In a more specific, intimate and subjective sense in terms of visibility, self-realization and self-perception, the article presented by Ingrid Ruudi focuses the analysis on four case studies of renowned Estonian female architects. The paper compares and juxtaposes the public profile of women architects with their self-perception. The author analyses, through interviews, the professional goals and the possibilities of advancement of women in design in the Soviet and post-Soviet periods. The conditions of self-realization, the design objectives, the support networks, and the search for balance between work demands and high-level management with personal and family responsibilities are the approaches of this analysis that brings us closer to the difficulties of reconciling these different areas for vital development.

The experiences in everyday life, domestic and public, are important research data for the new production and reproduction of knowledge. It is from the work of the transnational research group ‘Urbanism, Architectures and Feminist Design’, born during the Covid19 pandemic, that the text “Incarnating the virus” emerges. This article by Rossana Brandão Tavares,María Novas Ferradás and Laura Sarmento proposes - using the virus as a metaphor - to reflect on the questions that should be posed about architecture and urbanism by feminist thought. Through a collage of voices and approaches, it proposes an epistemological questioning, with a transversal political dimension, about the hegemonic practices of architecture and urbanism.

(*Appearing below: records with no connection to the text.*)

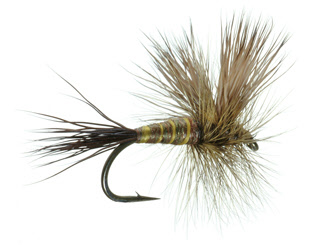 Brown Drake Lawson Dry Fly for Trout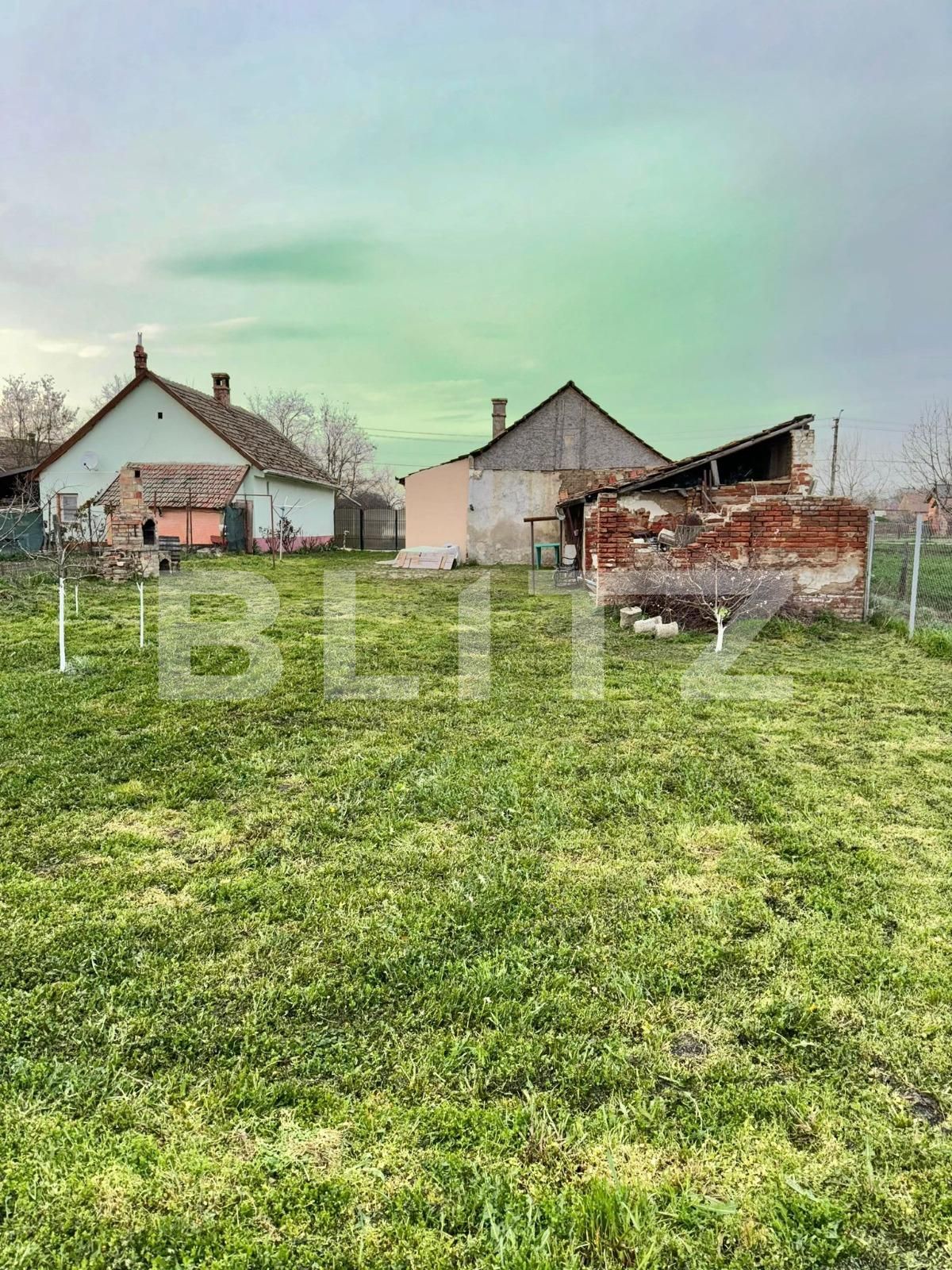 Casa de vânzare 3 camere Exterior Vest - 137347CV | BLITZ Timișoara | Poza5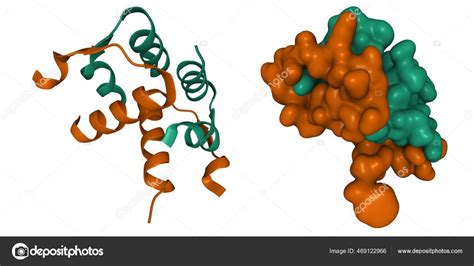 Structure Human Hormone Relaxin Heterotetramer Cartoon Gaussian Surface ...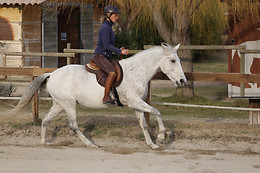 Cheval ascension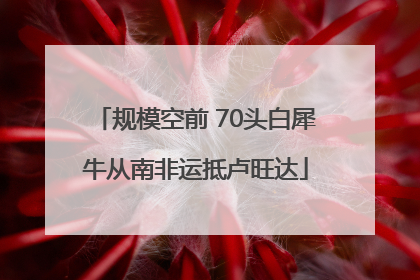 规模空前 70头白犀牛从南非运抵卢旺达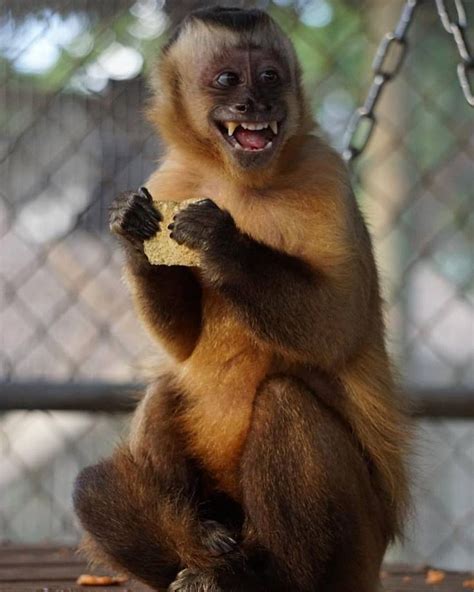 What a beautiful #smile Angie has ️😍🐒#CapuchinMonkey #Monkey # ...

The article presented by Julia Koepper, Martha Wegewitz, and Dagmar Pelger proposes new notions to the urban discourse concerning the experiences and feminist practices linked to the urban and territorial sphere in terms of spatial and environmental justice. Starting from the question of how a non-sexist city could or should be, the authors present an analysis of the urban space in Berlin, Germany, understood in systemic terms. Through the methodological application of mapping as a tool for diagnosis and critical cartographic analysis, the research reveals the possibility of a new typology of feminist spatial systems.

On a global scale, the logic of the capitalist system represents one of the most pressing problems for cities in spatial, environmental and social terms, which determine not only the belonging or exclusion of local spaces but also the dismantling of identities and shared ways of living. In this sense, Karin Reisinger’s article presents observations on two mining communities in Sweden and Austria that seek new narratives to face a post-extractivist future. Their proposal focuses on how feminist practices of care, mutual support or maintenance are restorative and counterextractive practices. The author emphasizes the situated position as researchers towards new ways of building knowledge that connects, collaborates and contributes to the real worlds of communities and their maintenance and care strategies instead of extracting and dismantling. Women’s history and contributions to architecture and cities, from alternative logics to the dominant ones, is one of the axes that, thanks to new and extensive research, allow us to reconstruct genealogies and consolidate references for the future.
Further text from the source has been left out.